* _What you have to do_
Each entry is to be retyped exactly as it appears, and each image is to be dropped.

* _Data shown_

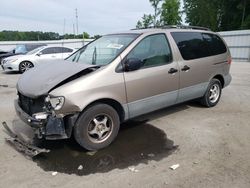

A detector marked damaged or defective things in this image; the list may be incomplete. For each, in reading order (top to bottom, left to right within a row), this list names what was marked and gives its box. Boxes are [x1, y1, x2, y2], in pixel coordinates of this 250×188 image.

crumpled hood [16, 60, 96, 98]
damaged minivan [14, 26, 231, 150]
broken front end [15, 92, 77, 140]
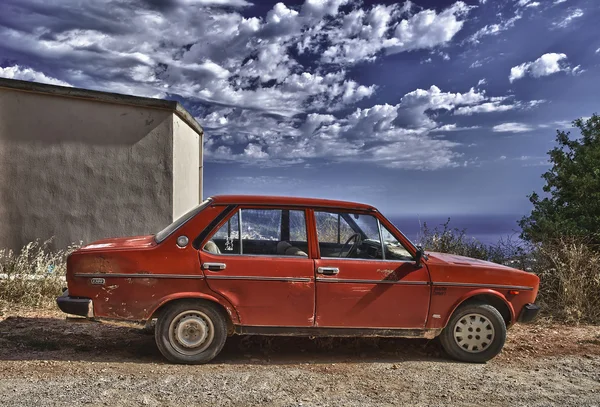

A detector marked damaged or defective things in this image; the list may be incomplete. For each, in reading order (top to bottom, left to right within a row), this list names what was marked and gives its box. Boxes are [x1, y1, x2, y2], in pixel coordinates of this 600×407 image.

rusty old car [57, 196, 540, 364]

* _Your solution_
A detector marked damaged or defective things in this image; the list may be incomplete. For each, in reading order (top to bottom, left to right within a row), this list names what was marked and gives its box. Boxes are [x1, y1, x2, y2], in pixel coordinates of this 250×188 image.

crumpled hood [16, 60, 96, 98]
damaged minivan [14, 26, 231, 150]
broken front end [15, 92, 77, 140]

A detector marked damaged or defective things in this image; the list may be incomplete. For each, in reading order (top to bottom, left to right within a row), this list names what was marked and gives its box. Boxes are [x1, y1, x2, y2], in pixel coordinates of this 600×407 image.

rusty old car [57, 196, 540, 364]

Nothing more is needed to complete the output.